The symptoms on the part of the skin that ordinarily accompany the paroxysms, like herpes and urticaria, have been previously described. We may mention, as a rarer occurrence, a rubeola like eruption, without conjunctivitis or subsequent scaling of the skin, observed by Segard. He also reports cases of intense urticaria with marked, erysipelas like swelling of the face, hands, and feet. Doer ing mentions a case followed by urticaria and a pemphigus like condition. Numerous cases of petechiae, simulating the picture of morbus maculosus Werlhofii, have been observed epidemically. Steudel reported furunculosis as frequent after blackwater fever.

More or less marked pigmentation of the skin is often observed in malaria . Moscato described a case in a four year old boy with chronic malaria. The pigmentation was chocolate colored and occurred on the lower extremities, the seat, the scrotum, the penis, and the forearm. The pigment was even found in the vessel walls and in the rete mucosum. He designated the condition as partial postmalarial melanoderma.

Gangrene

In discussing malarial cachexia, as well as the complications on the part of the digestive, respiratory, and urogenital tract, we repeatedly mentioned that gangrene not rarely developed in the course of these conditions. The literature on this subject has been critically sifted by Petit and Verneuil. They divide gangrene into associated and idiopathic.

The associated gangrene appears in connection with wounds and operations on malarial patients. Comeano,. for instance, observed that shot wounds in malarial patients showed a tendency to become gangrenous. Fontan saw gangrene in a case of osteotomy of the ulna. Yet the cases in which wounds healed without complication are in the very great majority (MacNamara, Roth, and others), and the former cases may readily be looked upon as coincidences.

Idiopathic gangrene, however, manifests in a considerable number of published cases unmistakable relations to malaria (see also Raynaud's disease). Apart from the gangrene of the internal organs, it usually affects the most distal parts, like the nose, ears, fingers, and toes. The gangrene is usually dry. It is observed in the course of acute affections and in cachectics, with or without fever.
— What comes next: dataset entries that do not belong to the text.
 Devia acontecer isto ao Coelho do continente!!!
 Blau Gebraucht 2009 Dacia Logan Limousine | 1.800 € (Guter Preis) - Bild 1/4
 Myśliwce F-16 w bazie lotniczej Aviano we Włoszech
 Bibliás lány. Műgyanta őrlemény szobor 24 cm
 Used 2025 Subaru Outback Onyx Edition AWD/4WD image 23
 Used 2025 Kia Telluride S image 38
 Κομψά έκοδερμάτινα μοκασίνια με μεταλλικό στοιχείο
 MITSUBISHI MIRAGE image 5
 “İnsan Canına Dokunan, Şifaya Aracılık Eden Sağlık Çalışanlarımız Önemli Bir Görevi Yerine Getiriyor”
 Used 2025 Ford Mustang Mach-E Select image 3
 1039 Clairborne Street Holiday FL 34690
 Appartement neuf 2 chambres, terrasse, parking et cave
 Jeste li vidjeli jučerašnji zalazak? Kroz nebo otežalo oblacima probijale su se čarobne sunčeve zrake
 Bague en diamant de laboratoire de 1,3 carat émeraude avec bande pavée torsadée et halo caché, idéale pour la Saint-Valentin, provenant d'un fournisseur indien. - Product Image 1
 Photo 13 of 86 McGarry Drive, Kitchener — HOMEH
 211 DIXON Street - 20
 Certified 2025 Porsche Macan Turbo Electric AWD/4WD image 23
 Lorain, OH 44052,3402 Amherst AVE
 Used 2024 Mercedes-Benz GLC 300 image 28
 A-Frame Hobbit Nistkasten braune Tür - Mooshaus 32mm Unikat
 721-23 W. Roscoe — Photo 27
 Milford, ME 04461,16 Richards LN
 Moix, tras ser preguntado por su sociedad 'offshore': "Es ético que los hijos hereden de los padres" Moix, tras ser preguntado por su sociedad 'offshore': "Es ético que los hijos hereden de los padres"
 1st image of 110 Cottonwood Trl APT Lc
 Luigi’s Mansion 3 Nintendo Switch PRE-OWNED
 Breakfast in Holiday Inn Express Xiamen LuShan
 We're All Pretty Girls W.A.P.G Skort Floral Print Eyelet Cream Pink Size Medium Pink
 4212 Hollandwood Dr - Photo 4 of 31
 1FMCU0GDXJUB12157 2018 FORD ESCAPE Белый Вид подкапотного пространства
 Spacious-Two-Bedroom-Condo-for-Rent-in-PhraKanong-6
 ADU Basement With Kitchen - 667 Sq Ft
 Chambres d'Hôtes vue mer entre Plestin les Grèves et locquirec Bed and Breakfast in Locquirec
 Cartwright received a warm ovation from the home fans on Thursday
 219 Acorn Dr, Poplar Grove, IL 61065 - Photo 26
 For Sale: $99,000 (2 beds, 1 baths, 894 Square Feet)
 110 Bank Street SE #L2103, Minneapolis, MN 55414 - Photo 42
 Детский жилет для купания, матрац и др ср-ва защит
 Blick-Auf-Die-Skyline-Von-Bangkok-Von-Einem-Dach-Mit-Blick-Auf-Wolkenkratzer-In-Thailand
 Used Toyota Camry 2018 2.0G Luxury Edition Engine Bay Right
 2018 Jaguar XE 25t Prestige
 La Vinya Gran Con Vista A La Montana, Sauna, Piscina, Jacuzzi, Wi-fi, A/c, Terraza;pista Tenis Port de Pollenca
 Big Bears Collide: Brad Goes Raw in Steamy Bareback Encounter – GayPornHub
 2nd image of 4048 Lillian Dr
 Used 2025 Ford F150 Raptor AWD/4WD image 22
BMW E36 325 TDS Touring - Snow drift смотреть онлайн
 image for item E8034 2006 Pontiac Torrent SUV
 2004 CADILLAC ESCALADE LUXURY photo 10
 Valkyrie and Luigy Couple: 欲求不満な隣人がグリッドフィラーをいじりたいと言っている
A severe case of dry gangrene of the nose, cheeks, and ears, after a malarial infection lasting four weeks, has been described by Fischer, and a similar one by Blaise and Sarda. According to Schtchastny, such cases are not infrequent in the Caucasus.

Moty observed in a cachectic a moist gangrene that spread over the whole of the left rump and eventually produced death; again, an interesting case of disseminated gangrene of the skin in an old cachectic. Echeverria saw disseminated gangrene in the course of continued malaria .

Laveran and Rogee each saw a case of dry gangrene as a sequel of endarteritis obliterans, in persons who showed malaria in their history. Whether there was a connection between the two affections cannot at present be said.